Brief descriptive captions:
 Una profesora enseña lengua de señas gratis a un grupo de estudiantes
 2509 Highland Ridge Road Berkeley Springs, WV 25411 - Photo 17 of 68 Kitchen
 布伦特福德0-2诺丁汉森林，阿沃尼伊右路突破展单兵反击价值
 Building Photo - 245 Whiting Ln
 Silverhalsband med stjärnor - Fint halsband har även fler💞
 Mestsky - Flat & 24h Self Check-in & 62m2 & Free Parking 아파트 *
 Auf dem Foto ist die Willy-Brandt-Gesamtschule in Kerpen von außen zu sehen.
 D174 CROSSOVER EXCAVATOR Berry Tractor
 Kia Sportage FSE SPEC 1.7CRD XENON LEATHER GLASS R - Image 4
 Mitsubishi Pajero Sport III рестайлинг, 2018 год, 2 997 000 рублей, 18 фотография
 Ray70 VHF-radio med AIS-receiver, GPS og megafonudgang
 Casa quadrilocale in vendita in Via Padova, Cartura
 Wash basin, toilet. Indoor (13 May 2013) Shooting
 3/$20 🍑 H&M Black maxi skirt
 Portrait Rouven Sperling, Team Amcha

Task statement:
Which lines run from the one containing "Auf dem Foto" to the final line of the entries? Return those lines exactly, and only those.

Task answer:
 Auf dem Foto ist die Willy-Brandt-Gesamtschule in Kerpen von außen zu sehen.
 D174 CROSSOVER EXCAVATOR Berry Tractor
 Kia Sportage FSE SPEC 1.7CRD XENON LEATHER GLASS R - Image 4
 Mitsubishi Pajero Sport III рестайлинг, 2018 год, 2 997 000 рублей, 18 фотография
 Ray70 VHF-radio med AIS-receiver, GPS og megafonudgang
 Casa quadrilocale in vendita in Via Padova, Cartura
 Wash basin, toilet. Indoor (13 May 2013) Shooting
 3/$20 🍑 H&M Black maxi skirt
 Portrait Rouven Sperling, Team Amcha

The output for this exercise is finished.